By Rex HoggardJuly 21, 2018, 8:06 pm

CARNOUSTIE, Scotland – Following a breakthough season during which he won twice and collected the PGA Tour Rookie of the Year Award, Xander Schauffele concedes his sophomore campaign has been less than stellar, but that could all change on Sunday at The Open.

Schauffele followed a second-round 66 with a 67 on Saturday to take a share of the 9-under-par lead with Jordan Spieth and Kevin Kisner.

Although he hasn’t won in 2018, he did finish runner-up at The Players and tied for sixth at the U.S. Open, two of the year’s toughest tests.

Full-field scores from the 147th Open Championship

Full coverage of the 147th Open Championship

“Growing up, I always hit it well and played well in tough conditions,” Schauffele said. “I wasn't the guy to shoot 61. I was the guy to shoot like 70 when it was playing really hard.”

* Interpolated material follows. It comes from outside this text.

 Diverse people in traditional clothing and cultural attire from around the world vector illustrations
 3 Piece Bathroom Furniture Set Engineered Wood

Sunday’s pairing could make things even more challenging when he’ll head out in the day’s final tee time with Spieth, the defending champion. But being the underdog in a pairing, like he was on Saturday alongside Rory McIlroy, is not a problem.

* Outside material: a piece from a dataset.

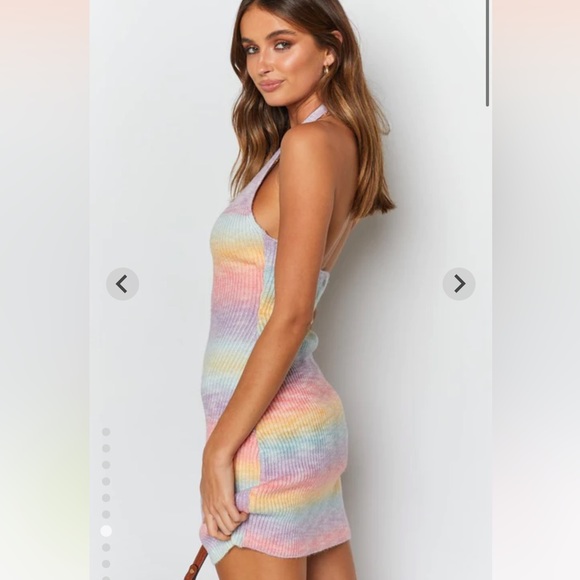 SOLD Beginning Boutique Cloud Nine Halter Mini Dress Rainbow - Picture 9 of 13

“All the guys I've talked to said, 'Live it up while you can, fly under the radar,'” he said. “Today I played in front of what you call Rory's crowd and guys were just yelling all the time, even while he's trying to putt, and he had to step off a few times. No one was yelling at me while I was putting. So I kind of enjoy just hanging back and relaxing.”